The Remuneration Policy for the Board of Statutory Auditors provides for a fixed fee approved by the Shareholders' Meeting upon appointment. The remuneration takes into account the responsibilities and commitment of the members of the Board of Statutory Auditors and in-depth analysis of the quantification of the commitment required may submitted by the outgoing Board of Statutory Auditors in view of the Shareholders' Meeting called to determine the remuneration of the Board. There are no variable compensation components in favour of the Board of Statutory Auditors.

A third-party D&O - Directors' & Officers' Liability civil liability policy covers the corporate bodies and the Executives for circumstances relating to the exercise of their functions, excluding incidences of fraud.
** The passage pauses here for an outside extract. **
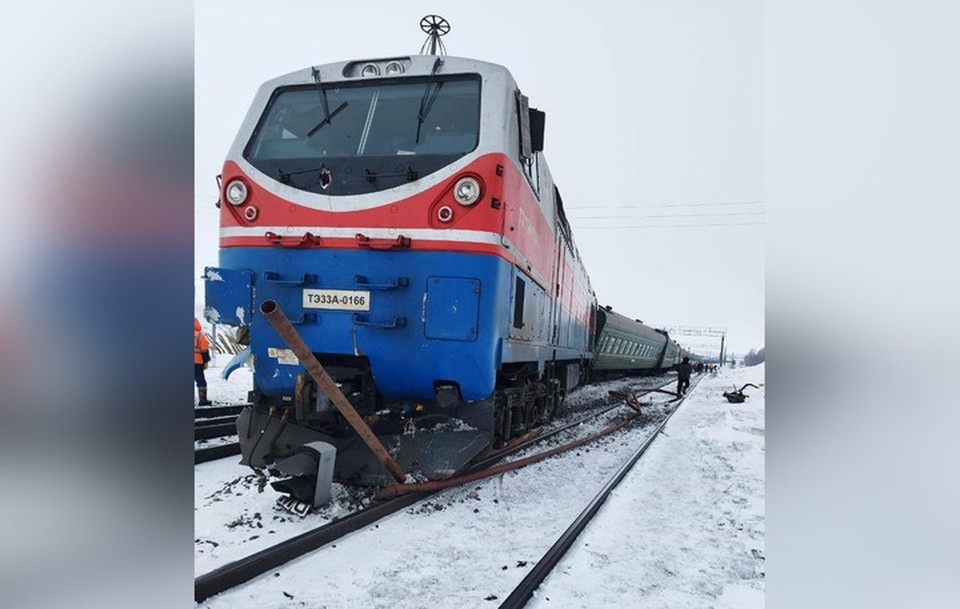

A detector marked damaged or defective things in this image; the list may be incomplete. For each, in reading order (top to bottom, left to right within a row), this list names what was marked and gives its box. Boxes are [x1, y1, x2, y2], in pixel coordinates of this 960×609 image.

leaning rusted pipe [256, 300, 406, 484]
This concerns insurance cover (structurally not consisting of consideration) signed independently of the Company for the benefit of all Group Directors and Statutory Auditors in office.

SECTION II

Part One

The remuneration of the Directors, Statutory Auditors and Senior Executives is detailed below.

For the purposes of the Remuneration Policy, BasicNet Directors with delegated authority are considered to be Senior Executives with strategic responsibility. Except as explained in Section I with reference to the addition of a Senior Executive at K-Way S.p.A. from financial year 2025, there are no Senior Executives at the subsidiaries, as strategic decisions are taken by the Chairperson of the Board of Directors, Vice-Chairpersons, and Chief Executive Officer of BasicNet S.p.A., within the limits of the powers granted to them.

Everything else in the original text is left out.